AI chatbot ChatGPT blocked in Italy over privacy concerns, Is chatgpt disabled for users in Italy? is it True AI chatbot ChatGPT blocked in Italy over privacy concerns?
Italy has become the first Western country to block the popular artificial intelligence chatbot ChatGPT over data privacy concerns. The Italian data-protection authority temporarily banned the chatbot as it investigated a possible violation of privacy rules. OpenAI, the US start-up behind ChatGPT and backed by Microsoft, has 20 days to respond with remedies or could risk a fine.
The Italian watchdog, Garante, cited concerns about ChatGPT’s massive collection and processing of personal data. It questioned whether OpenAI had legal justification for its “massive collection and processing of personal data” used to train the platform’s algorithms. The Italian regulator also accused OpenAI of failing to check the age of ChatGPT’s users, who are supposed to be aged 13 or above.
ChatGPT is known for its ability to generate essays, songs, exams and news articles from brief prompts. The chatbot has set off a tech craze since its release in November last year, prompting rivals to launch similar products and companies to integrate it or similar technologies into their products. The ban affects the web version of ChatGPT, popularly used as a writing assistant.
What Did OpenAI Say?
OpenAI said it had disabled ChatGPT for users in Italy following the government’s request. Alp Toker, director of the advocacy group NetBlocks which monitors internet access worldwide, said Italy’s action was “the first nation-scale restriction of a mainstream AI platform by a democracy.
The chatbot is also unavailable in mainland China, Hong Kong, Iran, Russia and parts of Africa where residents cannot create OpenAI accounts. The Italian watchdog said OpenAI must report within 20 days what measures it has taken to ensure the privacy of users’ data or face a fine of up to either 20 million Euros ($32.5 million) or 4 per cent of annual global revenue.
AI regulation needed
Experts said new regulations were needed to govern AI because of its potential impact on national security, jobs and education. European consumer group BEUC last week called for EU authorities to investigate ChatGPT and similar AI chatbots. BEUC said it could be years before the EU’s AI legislation takes effect, so authorities need to act faster to protect consumers from possible risks.

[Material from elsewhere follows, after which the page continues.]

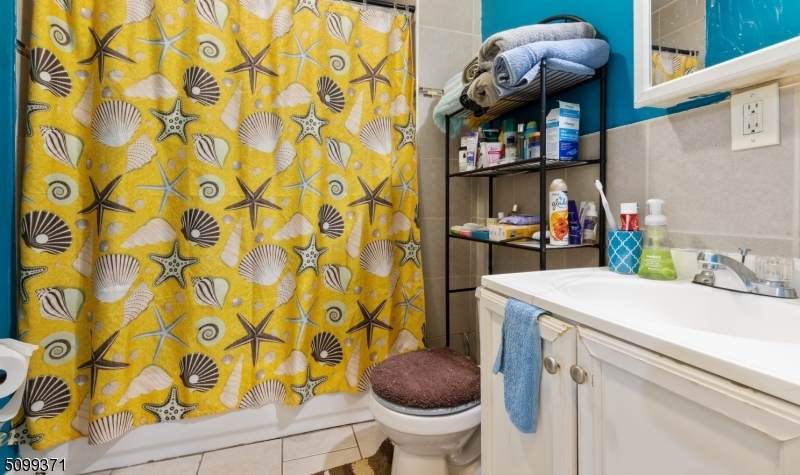 527 Hawthorne Ave - Photo 1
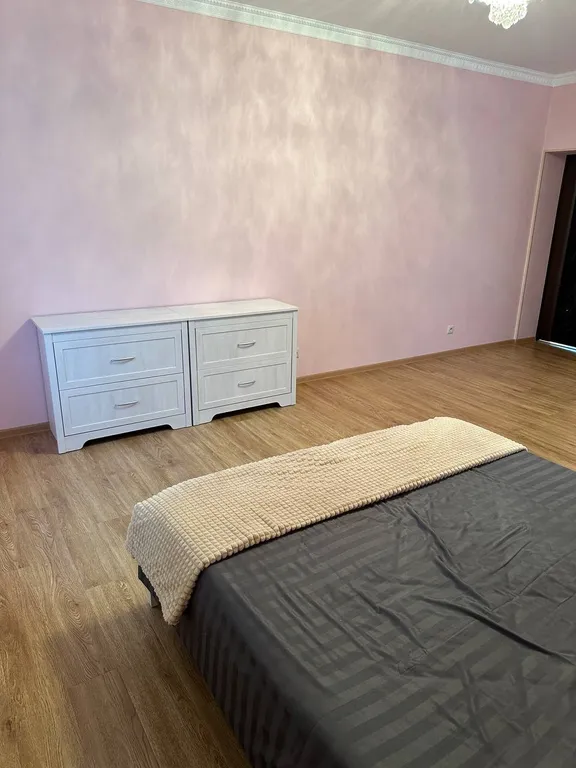 Просторная квартира с видом на горы недалеко от центра города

“In only a few months, we have seen a massive take-up of ChatGPT, and this is only the beginning,” Deputy Director General Ursula Pachl said. She said waiting for the EU’s AI Act, “which will happen years from now, is not good enough as there are serious concerns growing about how ChatGPT and similar chatbots might deceive and manipulate people”.
ChatGPT is estimated to have reached 100 million monthly active users in January, just two months after launch, making it the fastest-growing consumer application in history, according to a UBS study published last month.